The news is abuzz with speculation about executive action by President Obama in the coming days. Despite these “leaks” no one really knows whether action will be taken or what any plan may contain.

Based on proposals that have been in consideration for some time,  two changes that are likely to be included are (1) expansion of the deferred action program and (2) re-interpretation of the employment-based “green card” counts to effectively bring forward the current waiting line.

Expanded Deferred Action: in 2013, the “Deferred Action for Childhood Arrivals” or “DACA” allowed persons meeting certain criteria to register and apply for a work permit.  Speculation is that this program could be expanded to reach more people, but who will qualify will not be clear until the actual announcement is made.

If it is like the DACA program, the application will be simple, but documentation of eligibility will be necessary to apply, such as to prove when a person entered the U.S. or how long she has been here.  Records could include medical, school, payments or bills. We have no idea if the deferred action program will be expanded or who would be included.

Employment-based waiting line fix: The leaked plan talks about more visas for “high skill workers”.  What this means is not clear.  However, one possible action would be to change the way the employment-based waiting line is calculated.  It is within the Executive’s purview to interpret the current law, but not to create a completely new program.

For many years the Immigration Service did not utilize all the employment-based visas available (140,000 per year).  Many have urged the President to order that these unused visas be placed back into the allocation of immigrant visas for use now. This would reduce the waiting line considerably.

Additionally, dependents are currently counted toward the 140,000 allocation.  Many argue that a reasonable reading of the law would exempt dependents from being counted toward the total number of visas allotted under this system.

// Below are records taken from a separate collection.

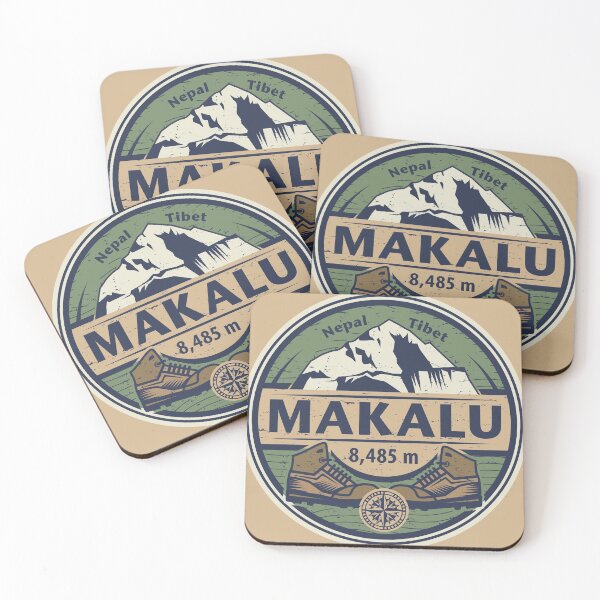 Item preview, Makalu, Himalayas designed and sold by studio838.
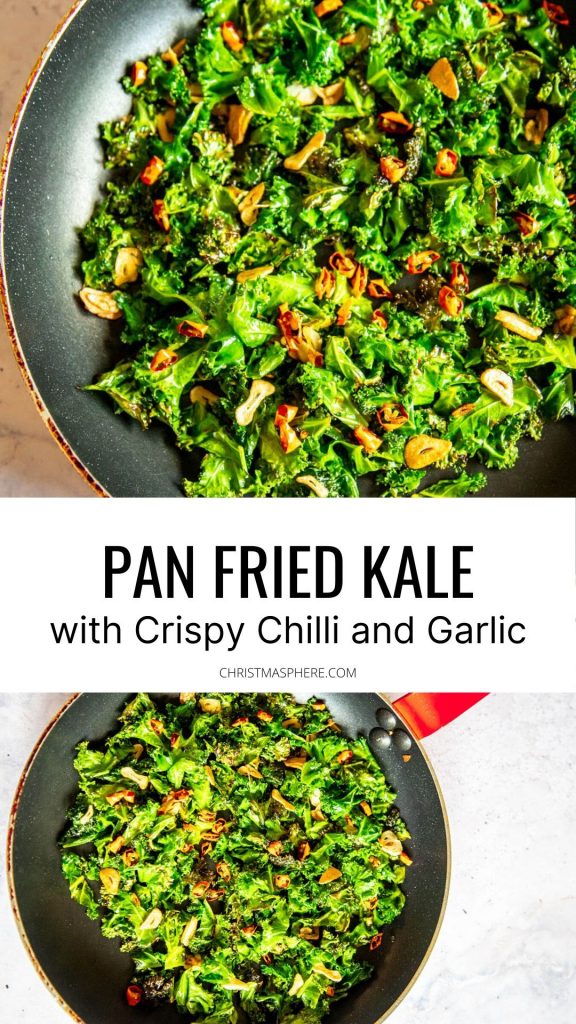 pan fried kale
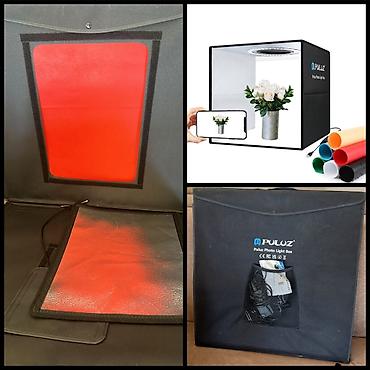 reklam tablosu: 🌙Nure 🌙 Light Box satılır! 60*60 💰 Qiymət: *120 Azn* 💡 Məhsul — 1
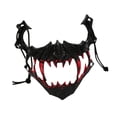 thumbnail image 3 of BELOVING Halloween Convenient Half for Stage Performance Party Role Playing Black, 3 of 9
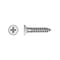 Hillman Wood Screws No. 12 S X 3/4 in L Phillips Zinc-Plated Zinc-Plated 40144 - alternate 3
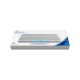 MediaRange Compact-sized Bluetooth 5.0 keyboard with 78 ultraflat keys Silver (MROS132-GR)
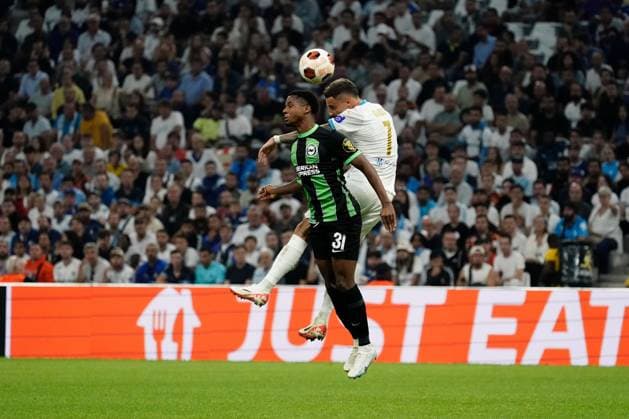 Marseille v Brighton, UEFA Europa League, Group B, Football, Orange Velodrome, Marseille, France - 05 Oct 2023  Copyright: xDavidxWinter Shutterstockx 14134221cc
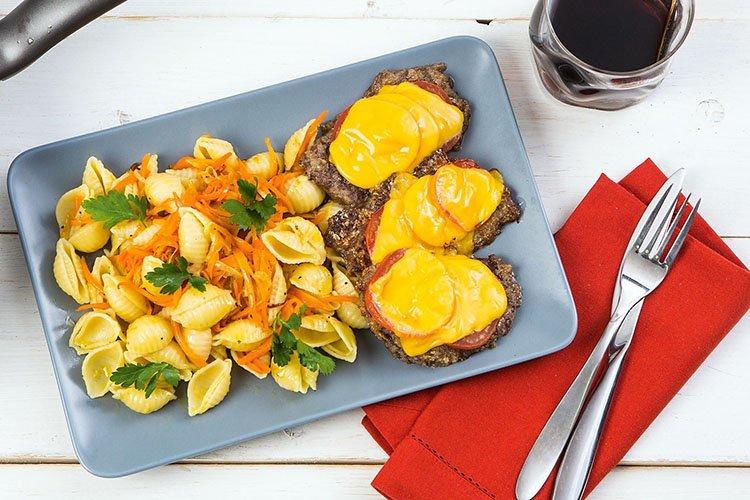 Chuletas de ternera con queso - recetas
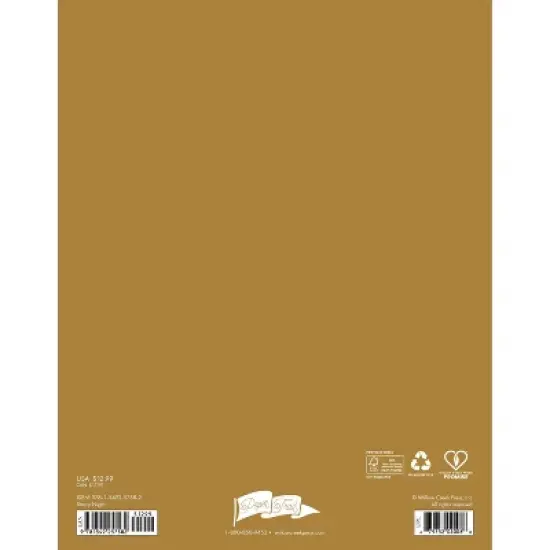 Willow Creek Press 7.5"x9.5" 2026 Starry Night Booklet Monthly Planner image {1}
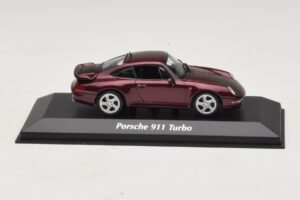 Porsche 911 993 Turbo Rot Metallic Maxichamps 1:43 Porsche 911 993 Turbo Rot Metallic Maxichamps 1:43 940069200 Metall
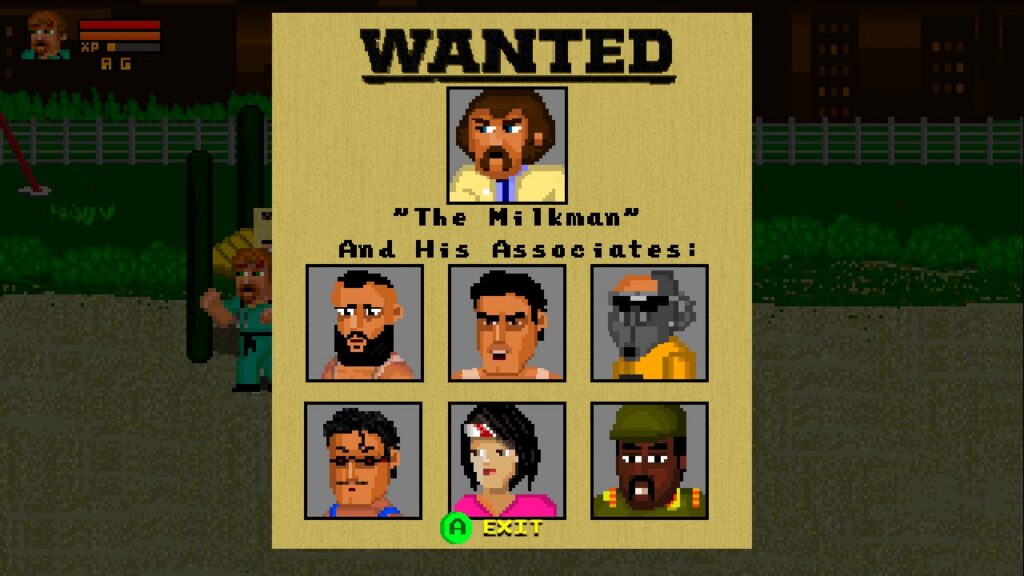 The villains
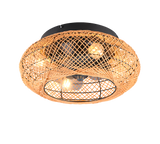 Plafonnier ventilateur Lillesand Trio R6730216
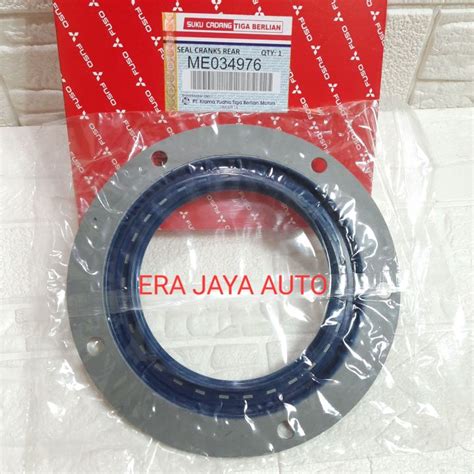 Oil Seal Crankshaft Kruk Ker As Belakang Mitsubishi Fuso Ps Ps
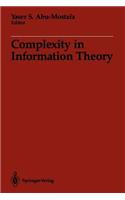 Complexity in Information Theory
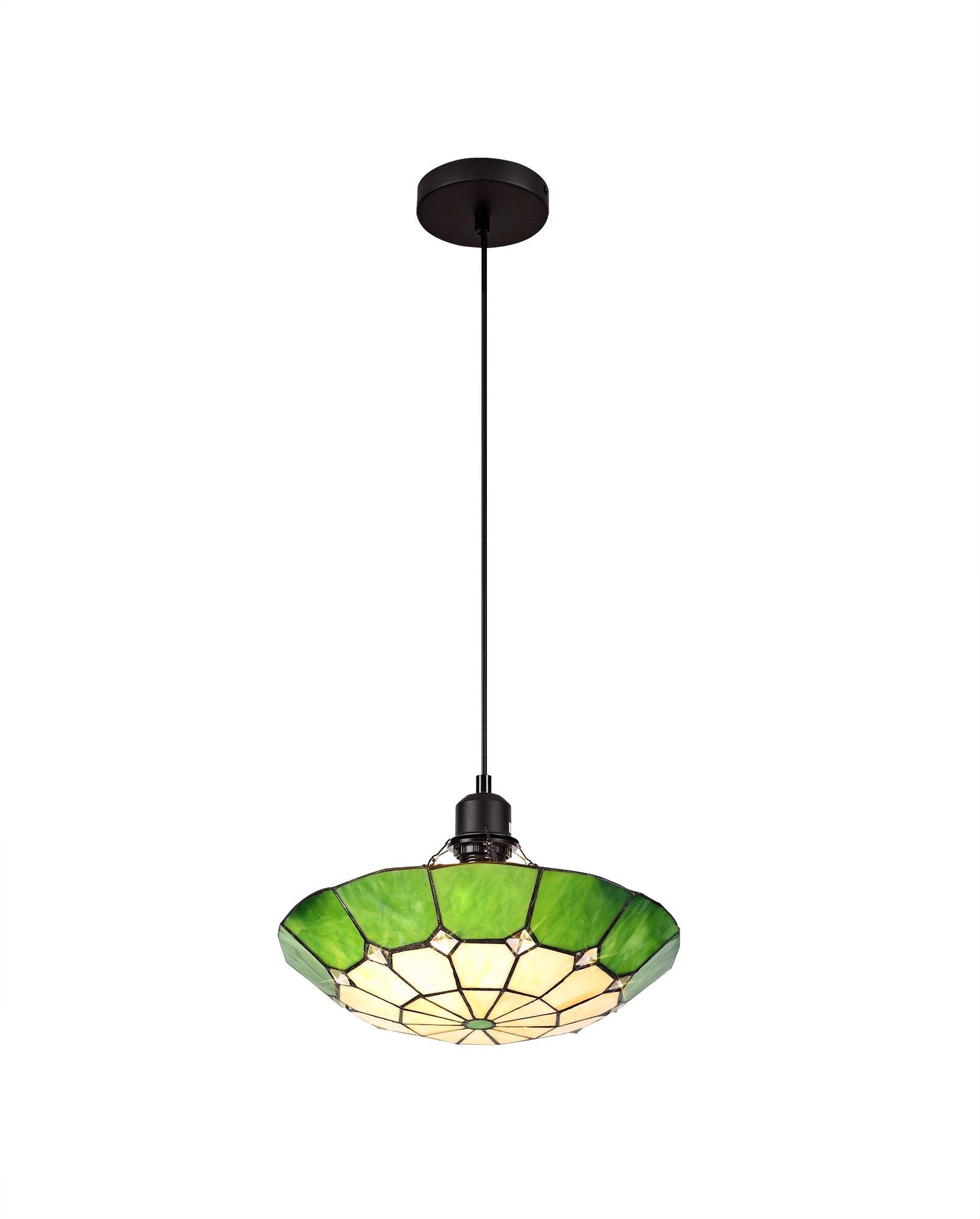 Luminosity Designs - Poppy Tiffany Pendant - Luminosity Designs Ltd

If one or both of these interpretations were changed, it would free up thousands of immigrant visas for those in the waiting line. We have no idea whether this will happen and how many additional visas will be available.

However, if this action were taken, people waiting to file “adjustment of status” would be able to do so if their priority date became “current”.  To file adjustment of status, documents such as birth, marriage and divorce certificates, passport copies, I-94s would be required, plus information about past employers and residences.

We are watching developments closely and will let you know as soon as the actual facts are clear.